Studio Facelift – Day 3


There can be few things in life quite so exciting as watching paint dry.

There’s the anticipation as you open the can. Well… plastic tub actually. Why did they do that?  What was wrong with the good old fashioned tin can?  You knew where you were with a paint tin.  You stuck your screwdriver under the rim…  a quick flick of the wrist…  and off popped the lid!

Now we have to reverse engineer the designer’s miracle new fastening.  We have to get into the mind of the maniac who decided this lip would clip into that groove and hold the lid on so tight your finger nails would give up long before paint ever saw the light of day.

There is a slot that is way too big for a humble screwdriver – yet far too small for a handyman’s thumb.  And has this one got a plastic tab to tear off first?  Or not?  Give us a bloody clue!  Better still – give us a paint tin!

Then there’s the dismay as the lid finally pops off to reveal a blotchy globby gel-like substance which doesn’t even come close to resembling the colour chart.  Tell me:  If they call it non-drip, why has it got a half-inch-deep runny stagnant pond sloshing about on top of it?

The label says “Do Not Stir” but it doesn’t tell you what to do with the pond!

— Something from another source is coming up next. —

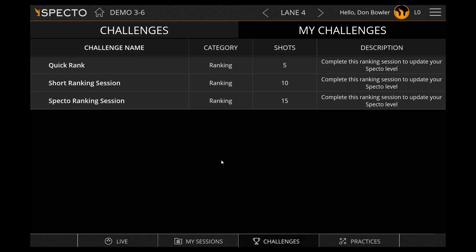Challenges will allow you to record a 5, 10, or 15-shot session that will rank you against all other SPECTO users in the world. This is a good way to see how you measure up against the pros.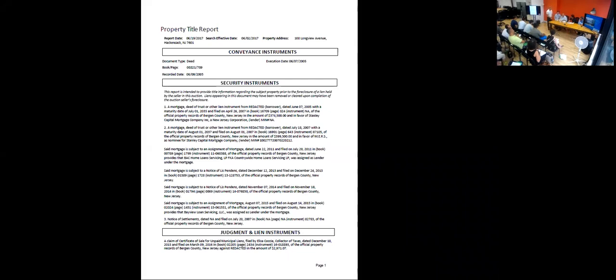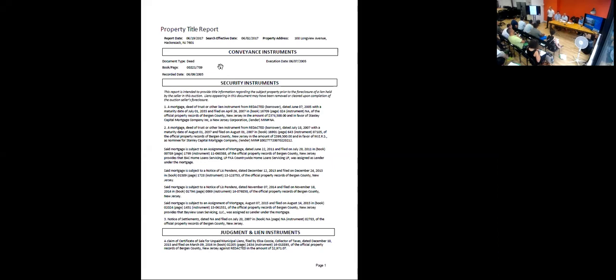And we do have a tax certificate for unpaid liens in 2016 of almost $3,000. Thank you.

Now the real fun starts.   When two people are involved in the decision making process, the first paint stroke hitting the wall will usually coincide with the brown stuff hitting the fan.

It’s too dark”. “No it’s not”. “I told you we should have gone for magnolia”.  Boring old fart”.  “Well I wanted to wallpaper”. But woodchip went out with the 20th century”. “It is – it’s much too dark”.  “It’ll dry lighter”.
painterIt didn’t.  Dry lighter, that is.  But I have to admit, it was exciting watching it happen.